Relationship to the Bostock Decision

The EO cannot, of course, overrule the Supreme Court’s Bostock decision. Instead, it can, and does, redirect federal enforcement efforts in the area of unlawful sex discrimination.

EEOC Changes

The EO includes several directives that will reshape federal anti-discrimination enforcement:

Enforcement Priorities (Section 5(d)): The EO directs the Chair of the Equal Employment Opportunity Commission to prioritize investigations and litigation that enforce sex-based distinctions, particularly those that “protect women.” The clear intent is to eliminate any emphasis on investigations and litigation based on sexual orientation, gender identity or transgender status.

Rescission of Harassment Guidance (Section 7(c)(iv)): The EO specifically directs the EEOC to rescind its April 2024 Enforcement Guidance on Harassment in the Workplace, which interpreted Title VII harassment to prohibit harassment based on gender identity and transgender status. For now, the EEOC cannot rescind the guidance because it lacks a quorum of commissioners.

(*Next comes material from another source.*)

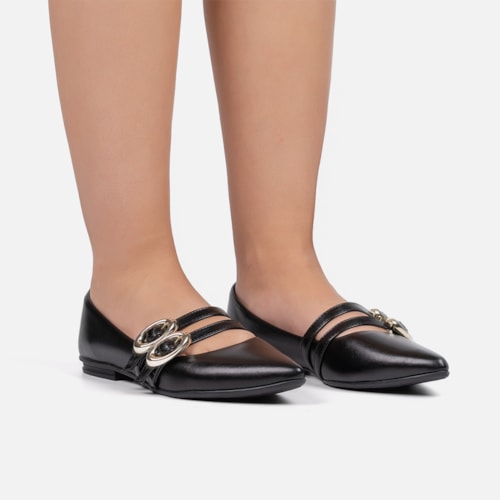 Sapatilha Verniz Preta Bico Fino Tiras Duplas Fivela Oval Estilo Boho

In the meantime, however, a federal district court judge in Texas vacated those portions of the Harassment Guidance that address:

  • the use of preferred pronouns,
  • facilities like bathrooms that are typically divided along based on sex, and
  • appearance.

The EEOC has left the Harassment Guidance on its website for now but has highlighted the sections of the document that the judge has ruled invalid.

Federal Funding Restrictions

  1. In addition to its impact on employment discrimination, the use of the new definitions of “male” and “female” may affect local government human services programs, housing and community development programs, and education programs that are funded in whole or in part by federal funds. The EO directs that
  2. Federal funds shall not be used to promote gender ideology. Each agency shall assess grant conditions and grantee preferences and ensure grant funds do not promote gender ideology.

The EO defines “gender ideology” as “an ever-shifting concept of self-assessed gender identity, permitting the false claim that males can identify as and thus become women and vice versa . . . .” Accordingly, local governments should review their grant application for federal funding and be alert to any new guidance by federal funding agencies to ensure compliance with the . 

BOTTOM LINE: WHAT SHOULD LOCAL GOVERNMENTS DO IN RESPONSE TO EO 14168?

As far as employment practices, there are no new actions that local government employers must take. Bostock v. Clayton County remains controlling law, and employers must still guard against making employment decisions based on sex, including sexual orientation and transgender status. Harassment and hostile work environments based on those characteristics are still generally unlawful. However, whether unlawful harassment includes refusing to use an employee’s preferred pronouns or their manner of presenting themselves is, in the author’s opinion, something left open by Bostock. Expressly left open by the Bostock court is whether nonbinary and transgender employees must be allowed to use the bathrooms or locker rooms assigned to the sex with which they identify.

New EEOC Enforcement Priorities: The new EO directs the EEOC not to prioritize claims based on a failure to allow nonbinary and transgender employees to use the restroom of their choice. The EEOC is now likely to prioritize discrimination and harassment claims by women based on their employers allowing nonbinary and transgender employees who were born male to access to women’s restrooms and locker rooms.

CONCLUSION

Individual employers will make different decisions on difficult questions. “Do we accommodate restroom and locker room preferences?” “Do we penalize employees who refuse to use a nonbinary or transgender employee’s preferred pronouns?” These may be difficult decisions. They should be carefully discussed with the affected parties and no decision should be made without consulting with the city, county or agency attorney.